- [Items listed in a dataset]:
──────────

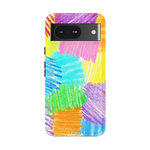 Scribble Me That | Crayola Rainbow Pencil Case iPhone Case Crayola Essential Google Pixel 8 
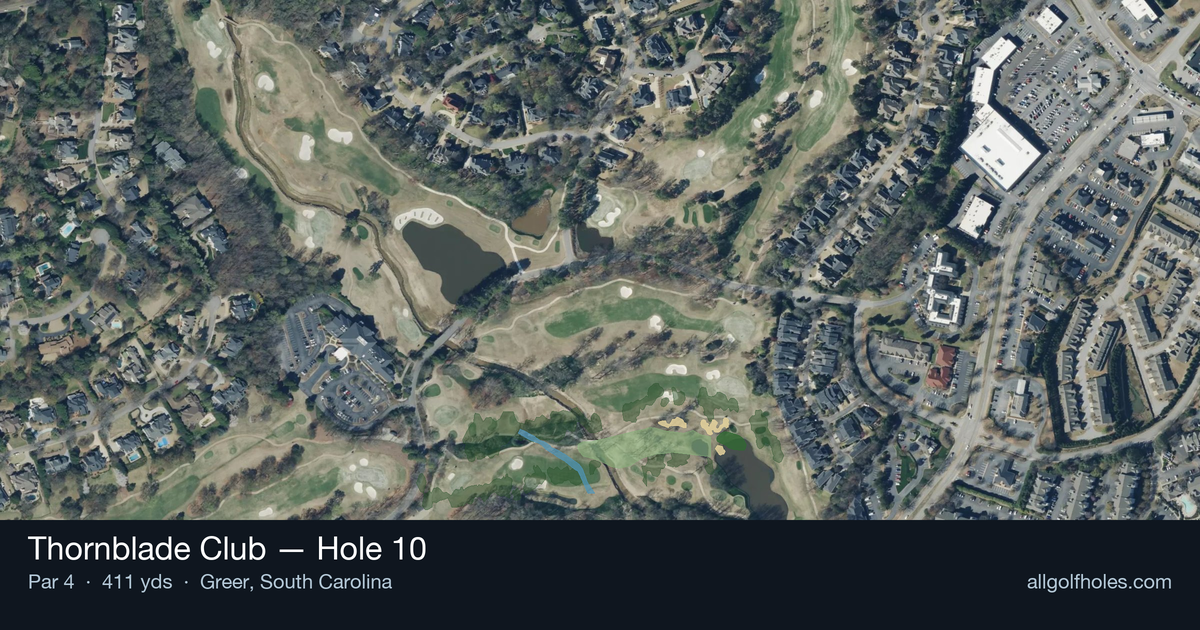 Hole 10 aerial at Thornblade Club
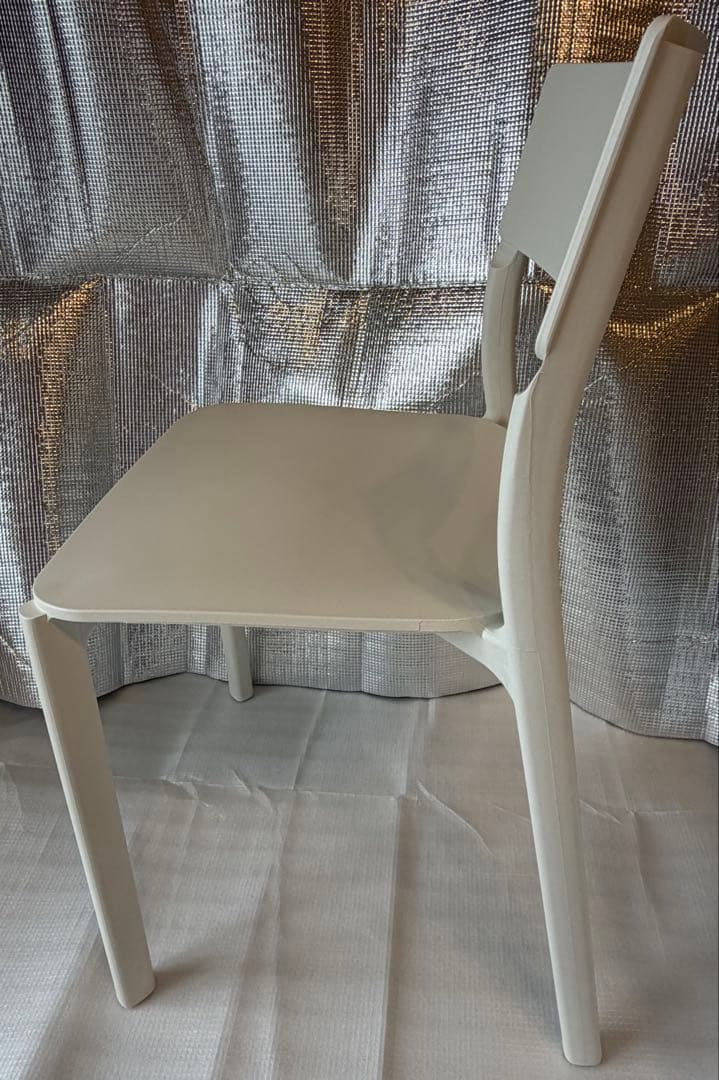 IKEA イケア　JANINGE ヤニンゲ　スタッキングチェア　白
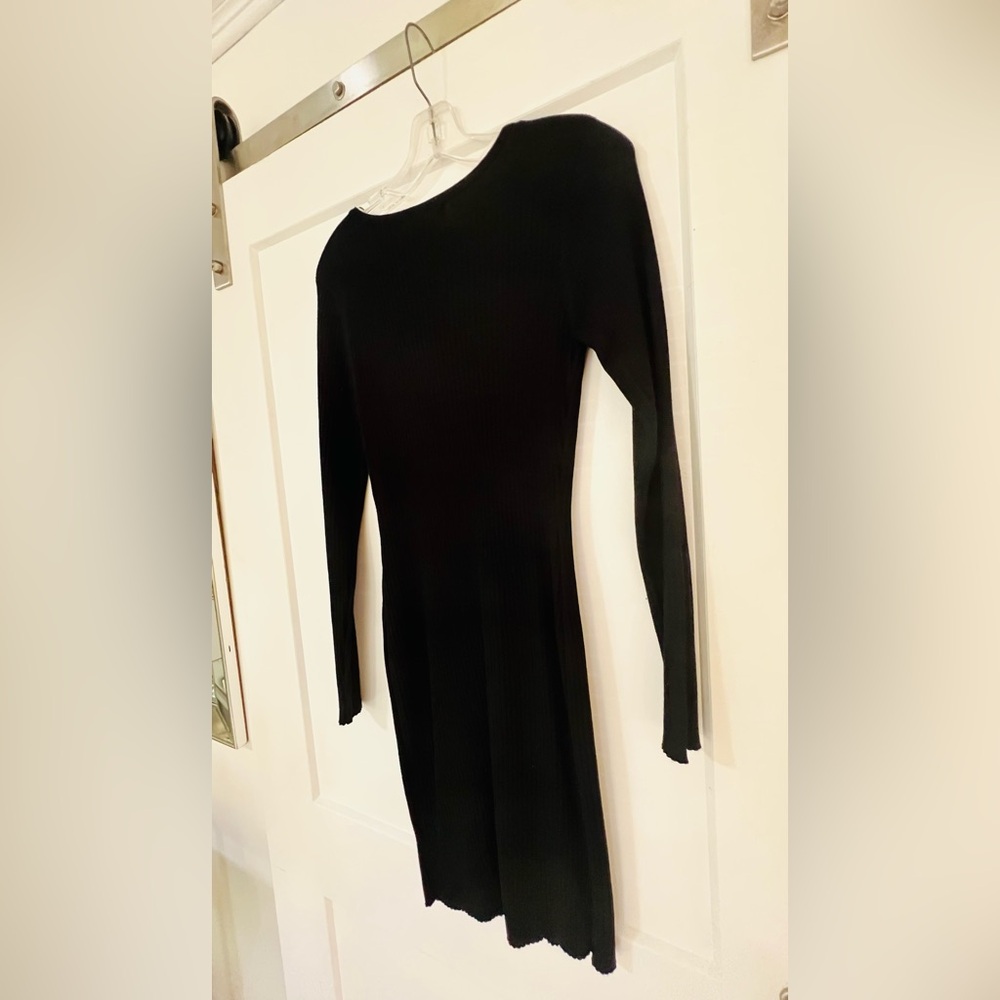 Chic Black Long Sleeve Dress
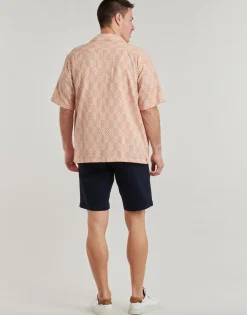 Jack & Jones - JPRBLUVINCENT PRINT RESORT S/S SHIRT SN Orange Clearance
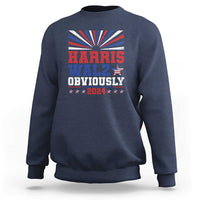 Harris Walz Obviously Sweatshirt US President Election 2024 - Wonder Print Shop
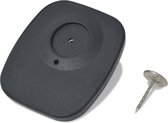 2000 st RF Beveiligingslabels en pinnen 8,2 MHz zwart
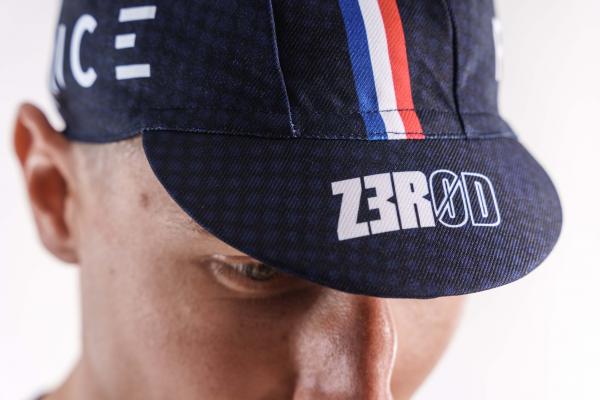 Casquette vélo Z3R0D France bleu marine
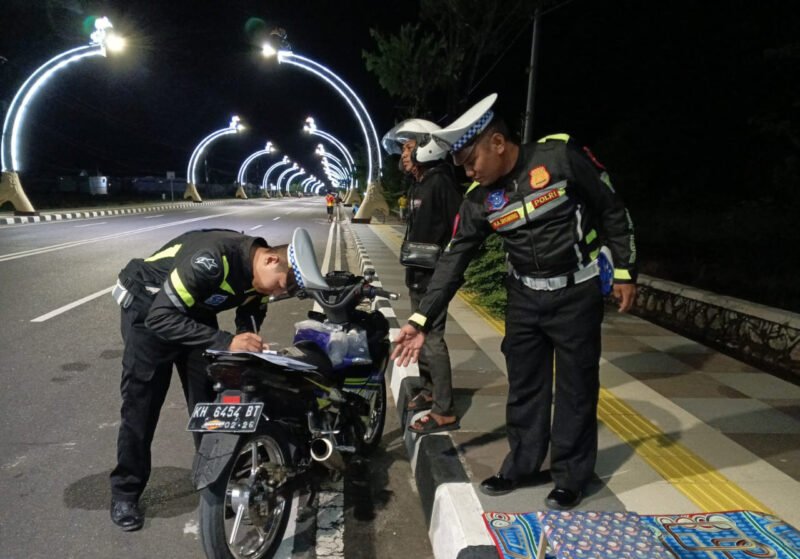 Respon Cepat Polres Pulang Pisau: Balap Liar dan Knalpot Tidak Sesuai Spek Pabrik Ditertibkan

──────────

- [About this task]:
From the line with "Hole 10 aerial at Thornblade Club" up to and including the line with "Casquette vélo Z3R0D France bleu marine" above, retype every line exactly and nothing more; leave out the pictures.

- [Answer below]:
 Hole 10 aerial at Thornblade Club
 IKEA イケア　JANINGE ヤニンゲ　スタッキングチェア　白
 Chic Black Long Sleeve Dress
 Jack & Jones - JPRBLUVINCENT PRINT RESORT S/S SHIRT SN Orange Clearance
 Harris Walz Obviously Sweatshirt US President Election 2024 - Wonder Print Shop
 2000 st RF Beveiligingslabels en pinnen 8,2 MHz zwart
 Casquette vélo Z3R0D France bleu marine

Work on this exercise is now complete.